McGruder had to integrate two types of businesses, each with its own unique challenges. And the integrations had to be done quickly and with minimal disruption to IFS and the acquired company.
Fixing an ailing company
In the first case, McGruder wanted a mutual fund business to expand IFS’ portfolio of investment products, but along with the mutual fund company acquired in 1999 came a services company. “We really bought the company because, strategically, it served us very well because the Western & Southern Financial Group is trying to grow its fee-based businesses and its investment management businesses, and we also have a great reputation for services,” McGruder says. “So we bought it for the money management business, but with it came this servicing company. “Would we have struck out and bought a servicing company on a stand-alone basis?

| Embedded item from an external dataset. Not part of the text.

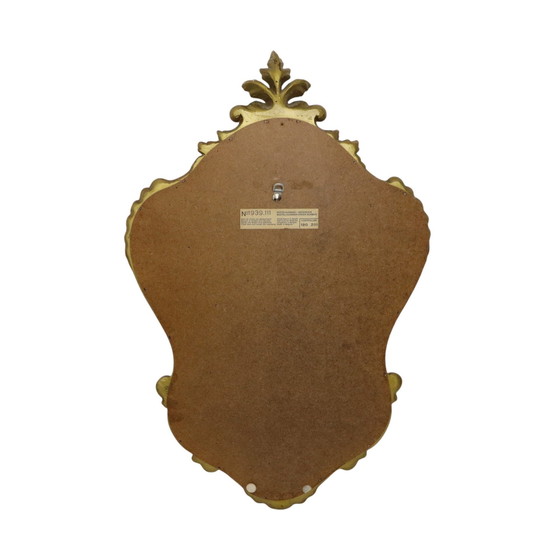 Image 1 of Miroir doré à crête de Deknudt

Probably not, but this servicing company was so much a part of the mutual fund business, because it’s your back office operations, that it made sense to buy it, both to keep the funds operating efficiently and strategically, to get into more fee-based businesses, again, as part of our strategic plan. “We knew it had issues, to be quite honest. It needed investments in people and technology. There was no question about that, and they were at a crossroads strategically when they said, ‘How much more are we going to continue to invest in this business?’”

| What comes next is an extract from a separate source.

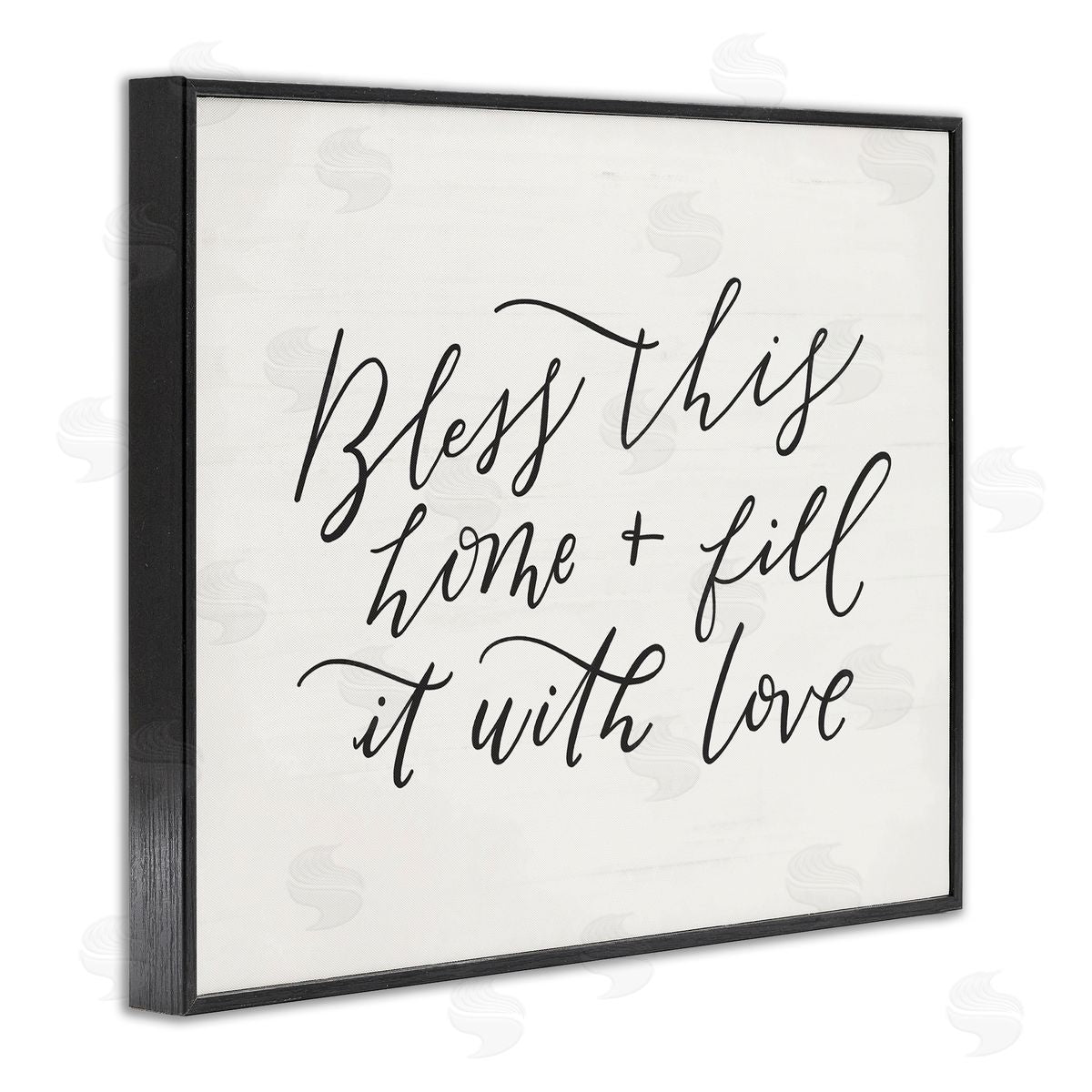 Bless This Home Typography Black Frame Print Wall Art, Home Decor by Loni Harris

McGruder says the growth of the business had outrun its capability to serve clients, as billions of dollars poured into the markets during the technology boom of the late 1990s. And it was its own technology lag that was strangling the company’s ability to carry on. “They had a client that had a huge run-up in business assets, and they didn’t have an infrastructure that was capable of supporting a fund that went from a couple hundred-million-dollars in assets to $7 billion in assets, literally in no more than six months,” McGruder says.
You can’t know everything required to get a business on track, McGruder says, so it’s critical to have a team that has the resources to solve the problem. “The first thing is to get the best heads together at the table, the brightest minds, the most experienced people you can because you can’t do anything in a vacuum,” McGruder says. “I knew I didn’t know enough to fix the business, so I had to surround myself with people who did know what to do. That’s the key, putting that team together who did know what to do.”
The team was an entirely new one that understood the business, the technology and what it would take to turn things around. “It worked out very well because you had to let that team that I brought in, you had to let them do what they know how to,” McGruder says.
While she allowed the team to operate independently, McGruder kept close tabs on their progress throughout the process. “Because this is a very technical business, it wasn’t difficult to track what was going on, but again, regular meetings, regular updates reviewing each functional area, what progress was being made, from a staffing perspective, from establishing controls” all were critical, McGruder says.
In the case of an ailing company like this acquisition was, it is important to focus in the early stages first on the functional improvements rather than strictly on financial performance. “While there are a number of objectives behind the decision to integrate, including financial, the ramp-up itself is very process-driven, so the measures have more to do with monitoring timelines, effectuating knowledge transfer, process mapping, staffing and so forth,” McGruder says. “Once the integration is complete, attention turns to whether the financial objectives of the integration are, in fact, being achieved.”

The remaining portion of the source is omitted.